Sure the science is impressive and the more that I slow down to read Isaacson’s description of the science, the easier I understand it.
I’m more impressed with Einstein’s humanness and the intellectual milieu of various European universities; Einstein’s inability to teach (at first, anyways), politics, his Jewishness, and his randiness is given a pretty full view. Isaacson also describes how he thought and how that made him distinctive from other physicists of his time (e.g. Planck or Poincare).
Such an enjoyable read.
HIs productivity was startling. In addition to working six days a week at the patent office, he continued his torrent of papers and reviews: six in 1906 and ten more in 1907. At least once a week he played in a string quartet. And he was a good father to the 3-year old son he proudly labeled “impertinent.” As Marić wrote to her friend Helene Savić, My husband often spends his free time at home ust playing with the boy.”
..He was not a polished lecturer but instead used informality to his advantage. “When he took his chair in shabby attire with trousers too short for him, we were skeptical, recalled Hans Tanner, who attended most of Einstein’s Zurich lectures. Instead of prepared notes, Einstein used a card-sized strip of paper with scribbles. So the students got to watch him develop his thoughts as he spoke.
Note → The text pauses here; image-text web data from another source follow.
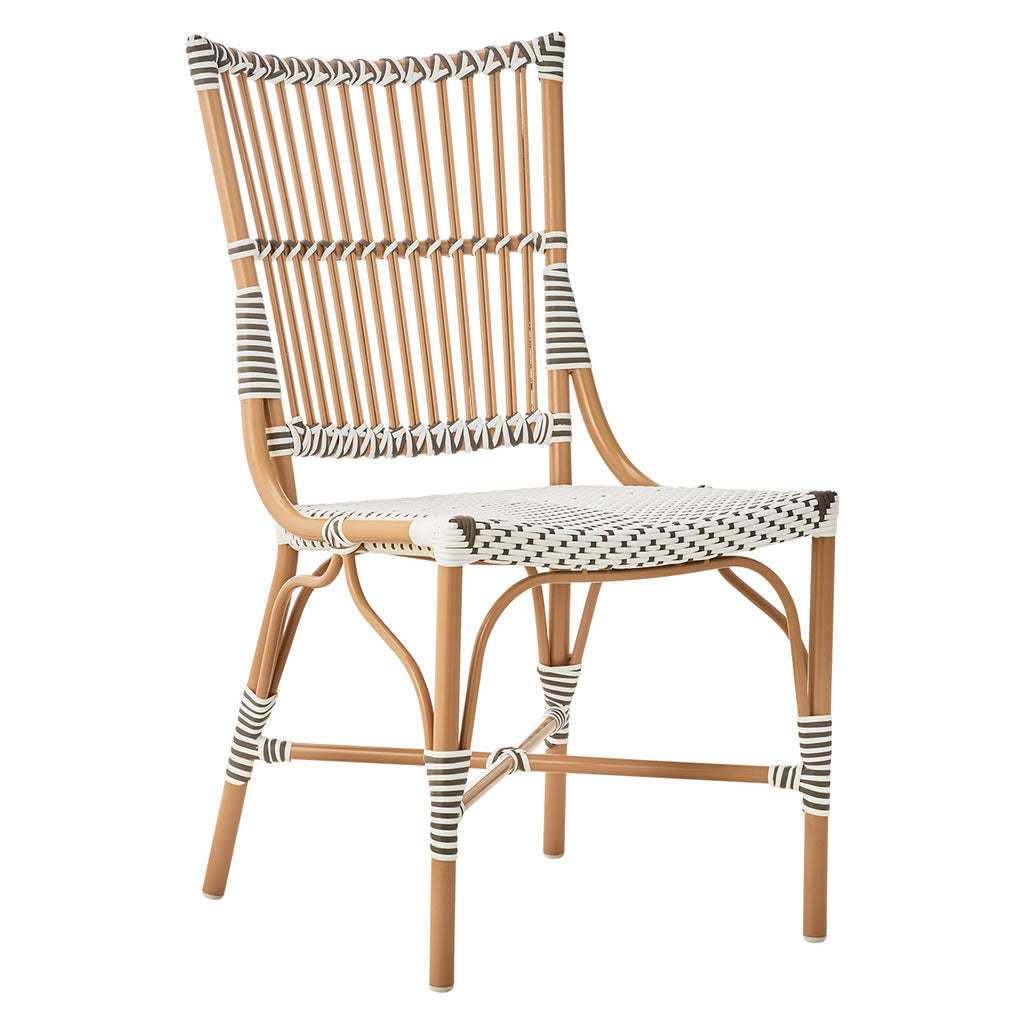 Outdoor Monique Side Chair | touchGOODS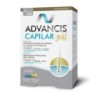 Advancis Capilar Gold 30 Capsules & 30 Capsules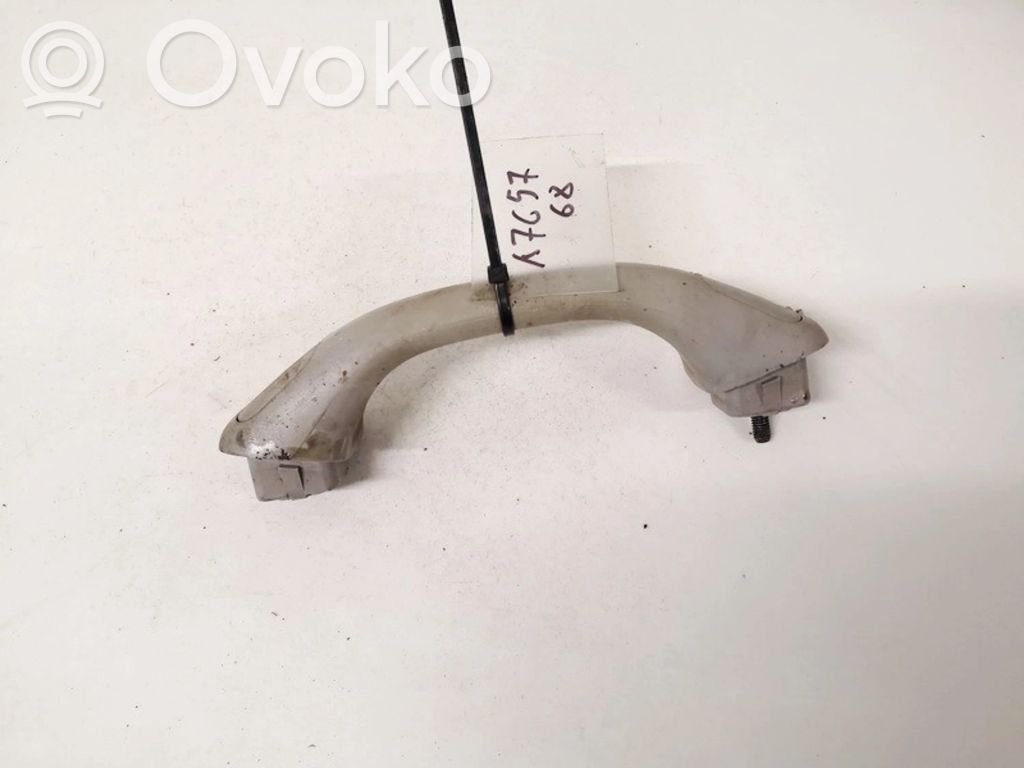 Volvo V70 Mâner viraj interior ușă față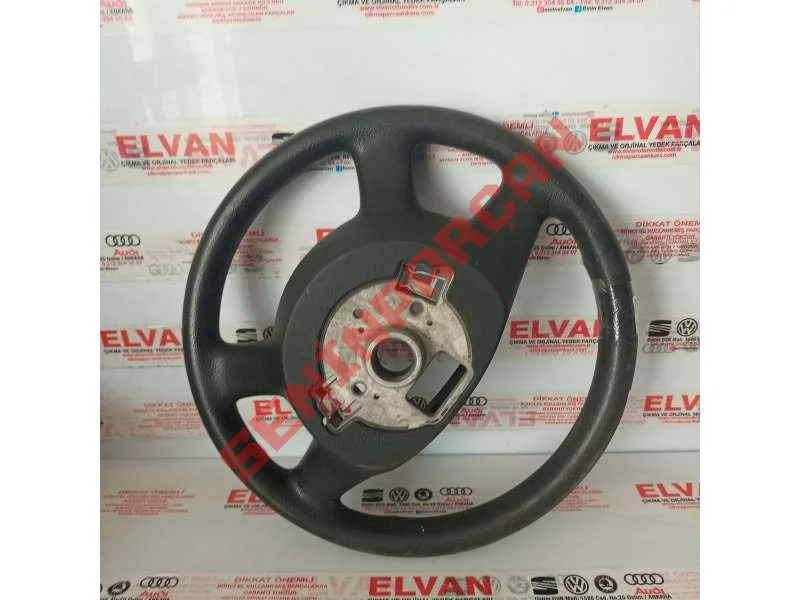 7H0419091D - DİREKSİYON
During one lecture, Einstein found himself momentarily stumped about the steps need to complete a calculation, “There must be some silly mathematical transformation that I can’t find for a moment,” he said. “Can one of you gentlemen see it?” Not surprisingly, none of them could. “Then leave a quarter of a page We won’t lose any time.” Ten minutes later, Einstein interrupted himself in the middle of another point and exclaimed, “I’ve got it.” As Tanner later marveled, “During the complicated development of his theme he had still found time to reflect upon the nature of that particular mathematical transformation.”